Il libro, già alla sua seconda edizione con Cantagalli, verrà presentato dal card. Antonio Cañizares Llovera, Prefetto della Congregazione per il Culto divino, e da padre Giuseppe Midili, O. Carm., direttore dell’Ufficio Liturgico Vicariato di Roma, lunedì 15 aprile, alle 21, nella Parrocchia di San Roberto Bellarmino (la parrocchia di cui era titolare il cardinale Bergoglio). ZENIT ha intervistato l’autore.

Don Ricardo, raccontiamo innanzitutto come è nata l’idea di questo libro….
Un mio amico avvocato, un uomo molto istruito, di buona cultura, un giorno mi ha detto: “Ricardo, io ho studiato in istituti cattolici, conosco la Messa a memoria, ma ho una difficoltà di coerenza nell’andare a Messa, perché mi trovo a dire tante parole o fare tanti gesti di cui non so il vero significato.

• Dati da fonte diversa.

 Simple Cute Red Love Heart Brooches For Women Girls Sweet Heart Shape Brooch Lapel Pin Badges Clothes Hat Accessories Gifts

E per me le parole e i gesti hanno un peso; io non posso andare davanti a un Giudice e dire o fare qualcosa che non abbia una intenzione ben precisa”. Allora mi sono proposto di spiegargli ogni singola parola o gesto della Messa, in un primo momento attraverso brevi messaggi via e-mail, diventati poi vere e proprie lettere che hanno preso la forma di un libro.

Qual è il messaggio o, se vogliamo, la sfida che lancia questo libro?
Che il vero rinnovamento liturgico passa attraverso l’educazione liturgica. Secondo me, oggi non bisogna soffermarsi sui grandi concetti, considerando anche il fatto che la cultura in cui viviamo non è più una cultura cristiana o di fede. Bisogna ripartire dalle basi: cosa significa nel nome del Padre, del Figlio e dello Spirito Santo? Cosa vuol dire ‘Che il Signore sia con voi’? Concretamente le formule recitate durante la Messa cosa hanno a che fare con la nostra vita? Nel libro ho cercato di rispondere a tali quesiti attraverso 12 lettere, in cui ho mantenuto tre punti: la parte della Liturgia in questione, un brano della Scrittura e la mia esperienza personale.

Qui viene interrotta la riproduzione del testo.